E' il 7 ottobre 1985, non c'ho da ricordarmelo; ho cinque anni e la fimosi, anche a quell'età, fa uno spavento. Qualche anno prima c'era stata la sciagura del Titanic, paracci tutti, ora è il mio turno di soffrire. Ti pareva. Il questionare è semplice: io sono pigro, tetragono agli ammonimenti materni, e uno zinzinino tetraplegico. In pratica, all'atto pratico, dopo aver evacuato il panta rei io non mi lavo e torno al ludo che ho dovuto, a malincuore, interrompere per questi bisogni fisiologici che oh, capitano sempre inopportuni. Uno è lì che zulla e si diverte e tonfa, il pippi ti fa toc-toc laggiù dabbasso; un altro è là che costruisce le Lego e ficca forchette negli occhi del fratello maggiore e aritonfa, stavolta c'è del grosso, il puppu non ne vuol sapere di rimanere rintanato. Niente, manco si stesse giocando a nascondino, quello vòl fare tana a tutti i costi. Diobono! E così, un po' ribelle e un po' citrullo, io agli impedimenti esistenziali gli dò il meno ascolto possibile: finché posso reggo il malcapitato, a costo di diventare rosso-rosso e di sentire i gas e gli sfinteri chiedere pietà insieme all'ernia del discobolo là dinnanzi; poi alla fine, se proprio devo cedere, resto stoico e vado di fretta. Fedele alla regal massima: veni, vidi, vici.
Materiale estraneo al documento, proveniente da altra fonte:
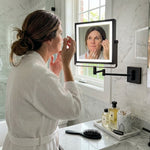 Woman using the wall-mounted makeup mirror at a bathroom vanity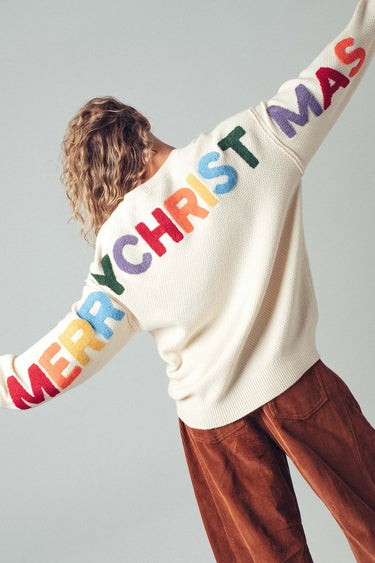 Model wearing ivory knit sweater with colorful MERRY CHRISTMAS lettering on sleeves and back.
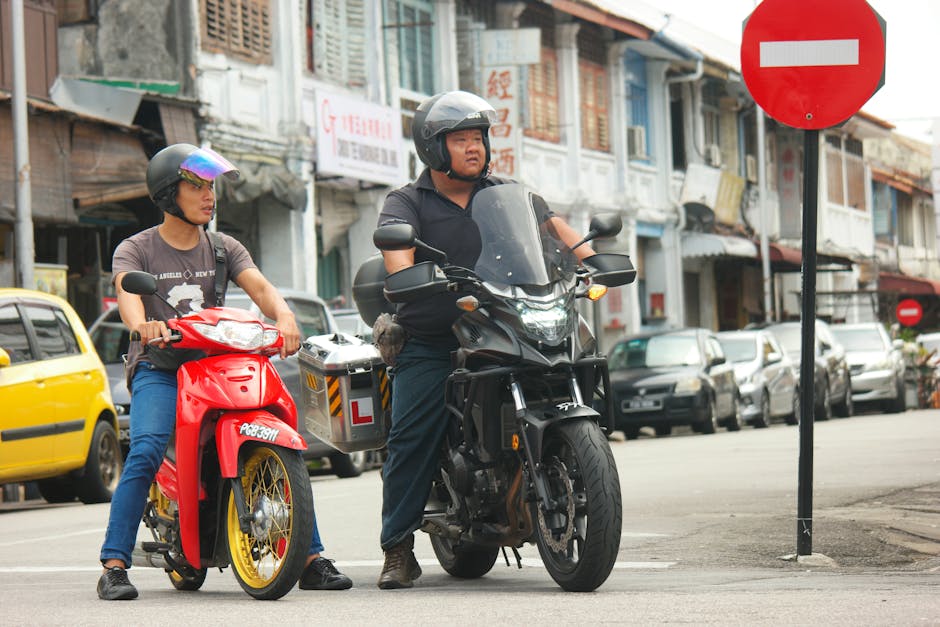 Motorcyclists on a red and black bike stopped at a city intersection with a no entry sign.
Uno pensa d'essersela svignata e invece c'impara subito che la vita è amara, c'impara: sentendo del male e del tiraggio, chiamo il materno poltergeist e le chiedo che'l succede. La risposta è uno schiocco di lingua, uno schianto d'albero: secco, invita alla riflessione. Ho un'infenzione grillare, la carnulina che finora andava in su e in giù sul cappellino del cimbello laggiù ora è ferma, infissata, una farfalla sullo stecco del collezionista. Giù a provare di tirarla, e giù il patire: alle lacrime si mescola il sangue, in un groviglio di sensazioni che - già lo so - c'hanno il sentore dei cocci aguzzi di bottiglia. E il mammino, in questo caso, si dimostra provetta e amorosa: lo scalzare è penoso, alleviamolo con dell'olio di ricino mi dice, ma non ce l'abbiamo, e allora via di vaselina e di vecchio su e giù, su e giù, arinsoprella su e arinsoprella giù, fino al fatidico: "eppur si muove". Sarà, ma di poco, tanto che ora il lavoro va passato a qualcosa che umidifichi e ammorbidisca il tubero intergambale: eccolo, il linguino sempiterno molliccio del mammino che, come il tartufo del cane in salute, passa al vaglio il dramma e, piano piano, ne risolve i contusi. Anni dopo scoprii che fellone è la parola giusta per descrivere quell'operato materno, ma niente da eccepire in quella circostanza: fece d'un bene. Oddio, a dire il vero, fece anche talmente dolore che svenni ma io non me resi conto. Anni dopo, però, in circostanze tutto sommato simili, venni. Tu pensa se una "s" in più o in meno si può permettere di fare tanta confusione.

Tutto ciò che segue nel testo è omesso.